O Sindicato Nacional da Indústria de Componentes para Veículos Automotores (Sindipeças) deve assinar hoje com a Força Sindical um acordo para instalação de um banco de horas durante o período de racionamento.
O texto do acordo já foi e voltou para a mão dos dirigentes da Força duas vezes. Pelos termos do acordo, as indústrias dos setores de autopeças, forjarias e parafusos podem criar banco de horas para compensar redução da produção, dias de folga e, inclusive, apagões.
O banco de horas estaria em vigor durante o período de racionamento, previsto para acabar em novembro. Nesse meio tempo, as empresas pagariam o salário dos trabalhadores normalmente, sem redução por conta da diminuição da jornada de trabalho. Em contrapartida, as horas paradas entraram como crédito no banco de horas em favor das empresas, e como débito para os trabalhadores. Mais tarde, quando o racionamento tiver acabado, os funcionários terão de pagar as horas em débito no sistema de 1x1, ou seja, uma hora de trabalho para cada hora compensada durante o racionamento.

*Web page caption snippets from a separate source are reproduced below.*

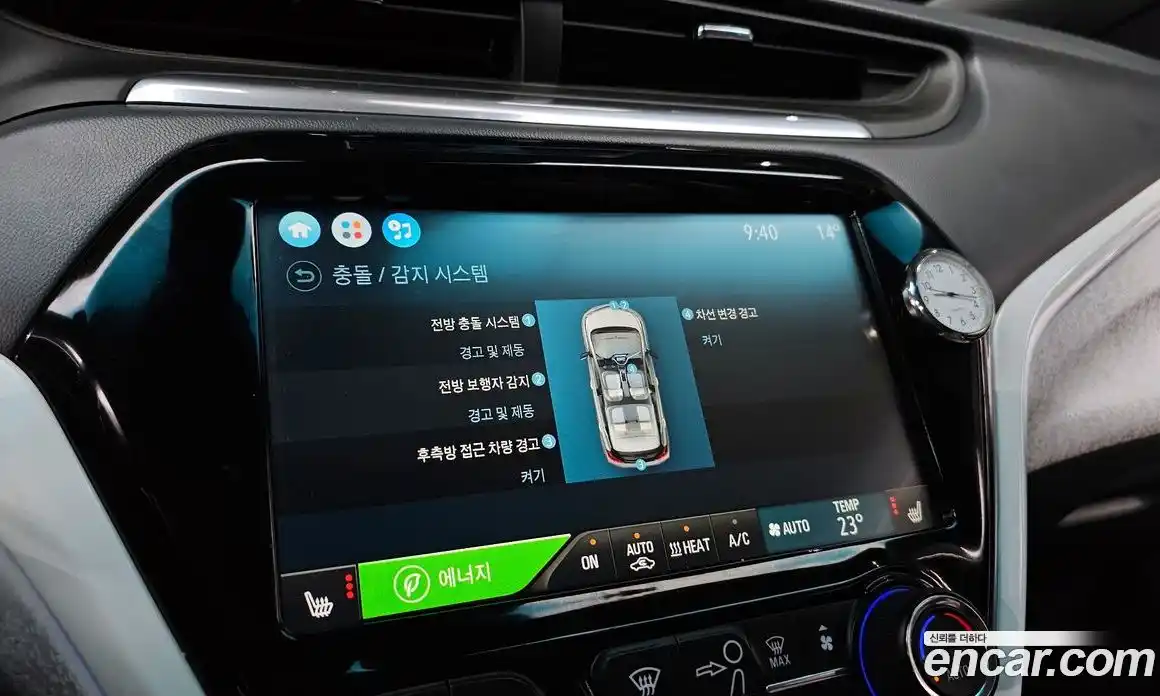 Chevrolet Bolt EV 2019 0.2 гидро в Москве № 1834222, фото 16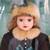 Vintage Lot of 4 1998 Victorian Seasons Brass Key Porcelain Dolls NEW! 9 thumbnail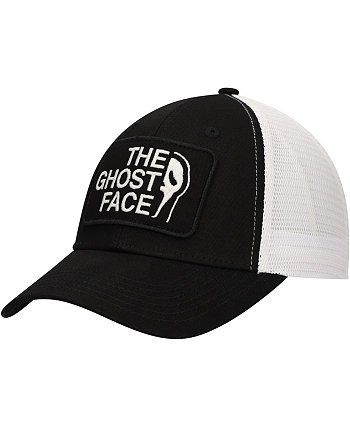 Мужская черная регулируемая шляпа Scream The Ghostface, светящаяся в темноте Changes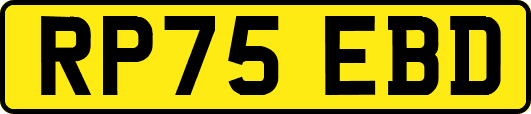 RP75EBD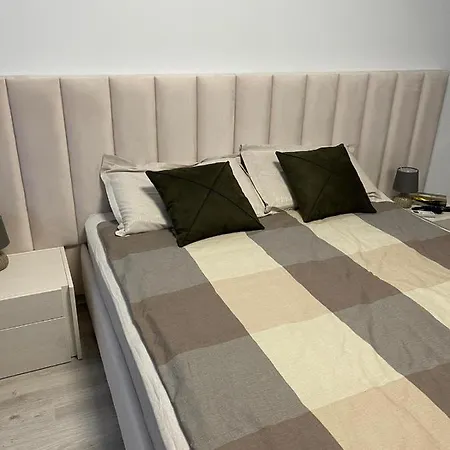 Studio Exceptional Apartamento Bucareste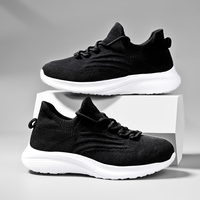 Chaussures de sport décontractées Cema pour enfants, respirantes, à enfiler, en maille tricotée, pour augmenter la taille, baskets pour enfants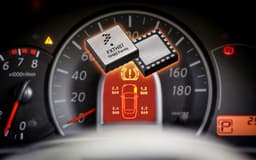 Freescale FXTH87 — самая маленькая интегральная система мониторинга давления в шинах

Segundo o negociador salarial do setor patronal, Dráusio Rangel, a adoção do banco de horas é a saída para enfrentar tanto o racionamento como a queda nas vendas de automóveis.
Por enquanto, o acordo de banco de horas valerá apenas para os cerca de 190 mil metalúrgicos da base da Força no Estado de São Paulo. Mas o Sindipeças começará a negociar a mesma medida com os sindicatos de metalúrgicos filiados à Central Única dos Trabalhadores (CUT) na próxima semana.